RAW DATA:
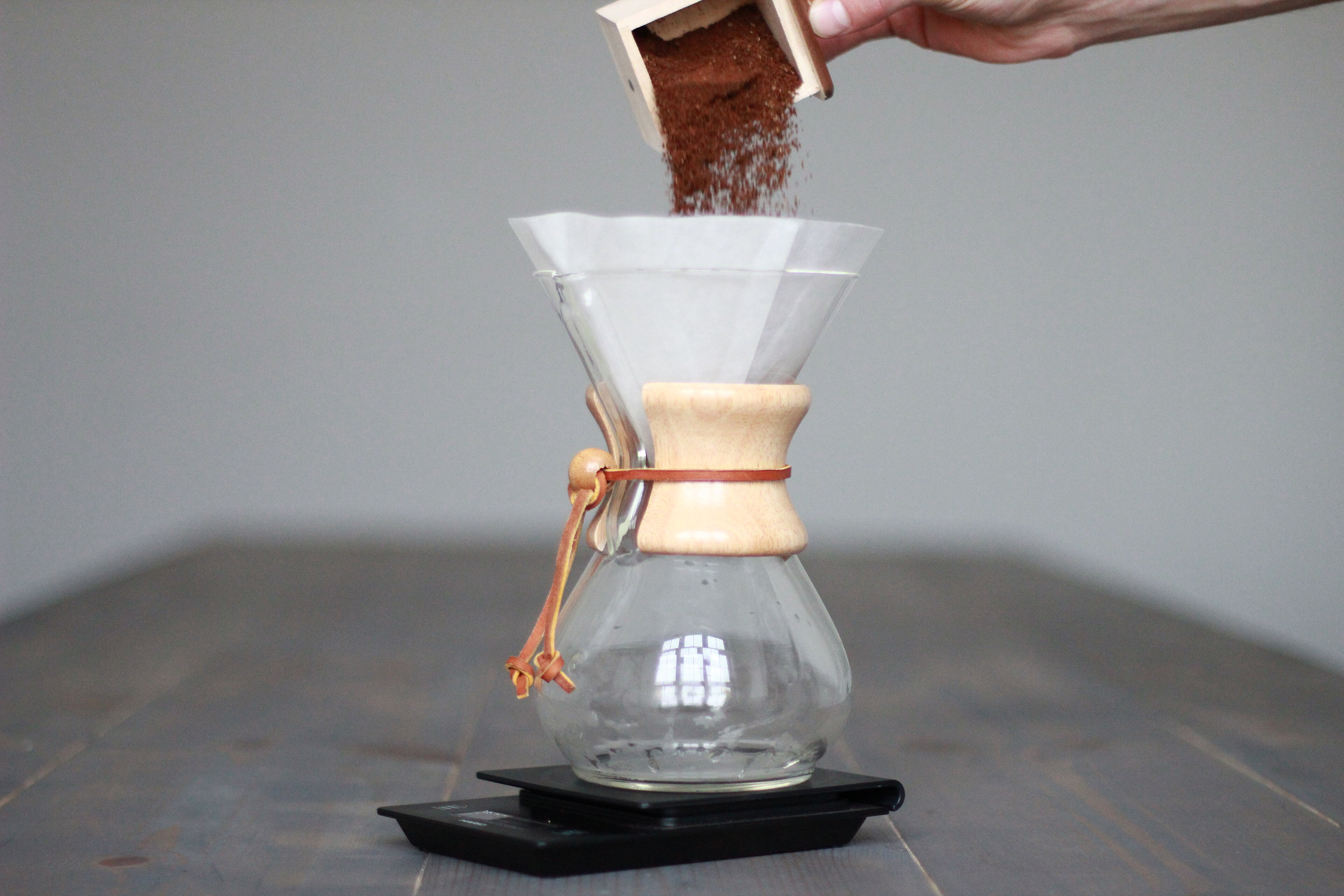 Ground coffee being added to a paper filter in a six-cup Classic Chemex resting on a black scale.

--

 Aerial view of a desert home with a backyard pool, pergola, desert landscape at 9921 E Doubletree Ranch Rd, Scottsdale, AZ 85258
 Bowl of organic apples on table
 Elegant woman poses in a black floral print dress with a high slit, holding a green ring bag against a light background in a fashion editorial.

PROBLEM DESCRIPTION:
Within the data above, the lines from the one with "Aerial view of" to the one with "Elegant woman poses" must be repeated exactly; no other line belongs in the answer.

WRITTEN ANSWER:
 Aerial view of a desert home with a backyard pool, pergola, desert landscape at 9921 E Doubletree Ranch Rd, Scottsdale, AZ 85258
 Bowl of organic apples on table
 Elegant woman poses in a black floral print dress with a high slit, holding a green ring bag against a light background in a fashion editorial.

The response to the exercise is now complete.